A Vatican computer expert has been found guilty of helping the pope's personal butler leak classified documents. NBC's Claudio Lavanga reports.
ROME — A Vatican computer expert charged with helping the pope's former butler Paolo Gabriele to steal and leak papal documents to a journalist was given a suspended, two-month prison sentence Saturday.
Claudio Sciarpelletti was initially given a four-month sentence, but it was reduced immediately to two months because of his clean record and later suspended.
In reading the verdict, chief judge Giuseppe della Torre said Sciarpelletti was sentenced for "obstructing justice."
Gabriele was sentenced to 18 months in prison in October for stealing and leaking papal documents.
During his testimony Saturday, Sciarpelletti said he said he gave contradictory statements over the source of an envelope containing documents addressed to Paolo Gabriele because he was in a state of "shock" and "panic" following his arrest and the night spent in a Vatican prison cell.
He said he forgot who gave him the envelope as he had received it more than two years before it was found.
Sciarpelletti admitted to have written "Paolo Gabriele" on the envelope, but insisted he didn't know who gave it to him.
'Did it for my children'
Carlo Maria Polvani, head of the Vatican’s information office and Sciarpelletti's boss, said he had never seen the envelope and had not given it to Sciarpelletti.
Polvani is the nephew of cleric Carlo Maria Vigano, who tried to expose a web of corruption and nepotism in the awarding of contracts for the maintenance of Vatican real estate – something revealed by the leaking of the documents. Vigano was later sent to become Washington ambassador, a move seen by some as a way to drive him away from the Vatican.

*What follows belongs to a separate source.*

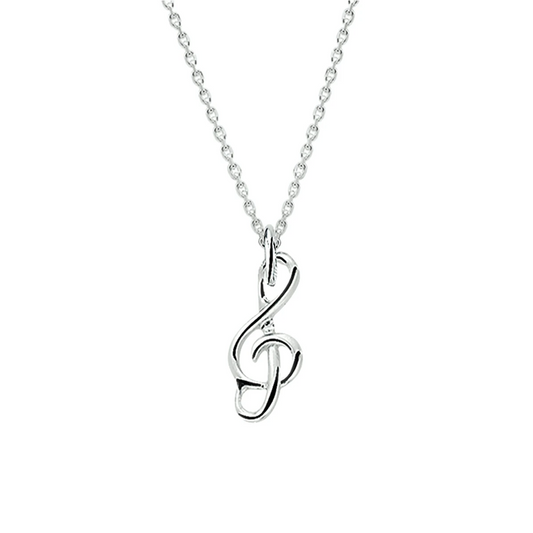 collier hanger g-sleutel 41 + 4 cm zilver wit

Polvani told the judges that Sciarpelletti told him after he was arrested and released: "Please forgive me. I did it for my children and my family."
The pope's once-trusted butler, Paulo Gabriele, was sentenced to 18 months in prison for his part in leaking private Vatican documents. NBC's Duncan Golestani reports.
He said he believed Gabriele and Sciarpelletti were good friends, and that Gabriele would come see him in the office often. This contradicted Sciarpelletti's lawyer's declaration that he and the butler knew each other, but were not close.
Gabriele said Sciarpelletti was a friend and a confidant, and that he gave him the documents found in the envelope on his desk by Vatican authorities back in May.
He told the judges he used to give Sciarpelletti printouts of documents he would download from the Internet, but that he never handed out any reserved, official or confidential documents.